Zardetto Prosecco Brut
It's an ideal aperitif and the perfect choice for celebrations large and small. Not to mention, an excellent partner in sparkling cocktails.
Located in the heart of the famous Prosecco territory between Conegliano and Valdobiadene, Zardetto has been a leader in sparkling wine for more than 40 years. This vibrant and refreshing Prosecco is produced from carefully selected grapes grown on the finest hilltop vineyards, after which Zardetto uses modern techniques and traditional practices that result in an acclaimed brut. As one of the first companies to introduce and distribute Prosecco outside Italy, Zardetto continues to conquer the global market with a wide portfolio of high-quality products.
Zardetto has been equipped with the best in modern winemaking machinery and technology, guaranteeing their ability to deliver high-quality Prosecco to a large international audience, and further enhancing the quality and flavor of the estate’s impeccable collection. Today, Zardetto Prosecco is enjoyed from New York to Hong Kong, continuing the long and storied tradition of Zardetto for wine lovers around the world.
One of the world’s most popular and playful sparkling wines, Prosecco is a specialty of northeastern Italy, spanning nine provinces of the Veneto and Fruili-Venezia Giulia regions. A higher-quality version of Prosecco wine that must meet more stringent production requirements is known as Prosecco Superiore and must come from the more rugged terrain between the towns of Valdobiaddene and Conegliano. Prosecco can be produced as a still wine, a semi-sparkling wine (“frizzante”), or a fully sparkling wine (“spumante”)—the latter being the most common. While Prosecco wine is typically produced in a “brut” (dry) style, its fresh and fruity character makes it seem a bit sweeter than it actually is. “Extra dry” styles, incorporating higher levels of residual sugar, are quite popular, however.
Prosecco wine is made from the Glera grape, which was formerly and confusingly called Prosecco, these wines are notable for pleasant flavors of peach, pear, melon, green apple, and honeysuckle. Lower pressure during the carbonation process (also called the tank method) means that the bubbles are lighter and frothier than in Champagne or other traditional method sparkling wine, and less persistent. Prosecco is also a great choice to blend with orange juice for mimosas for a classic brunch beverage.

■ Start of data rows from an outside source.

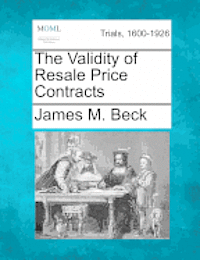 bokomslag The Validity of Resale Price Contracts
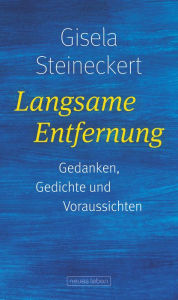 Langsame Entfernung: Gedanken, Gedichte und Voraussichten Gisela Steineckert Author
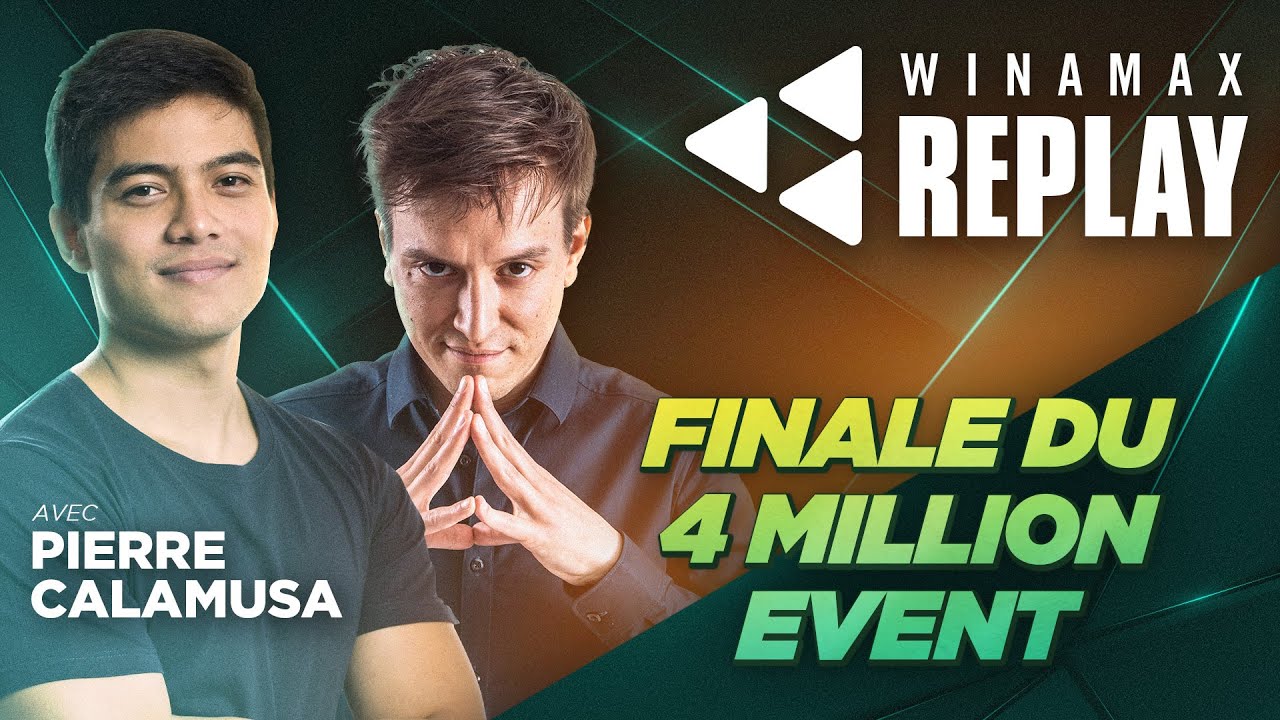 ♠♥♦♣ Winamax Replay - Finale du 4 Million Event avec LeVietF0u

A term typically reserved for Champagne and Sparkling Wines, non-vintage or simply “NV” on a label indicates a blend of finished wines from different vintages (years of harvest). To make non-vintage Champagne, typically the current year’s harvest (in other words, the current vintage) forms the base of the blend. Finished wines from previous years, called “vins de reserve” are blended in at approximately 10-50% of the total volume in order to achieve the flavor, complexity, body and acidity for the desired house style. A tiny proportion of Champagnes are made from a single vintage.
There are also some very large production still wines that may not claim one particular vintage. This would be at the discretion of the winemaker’s goals for character of the final wine.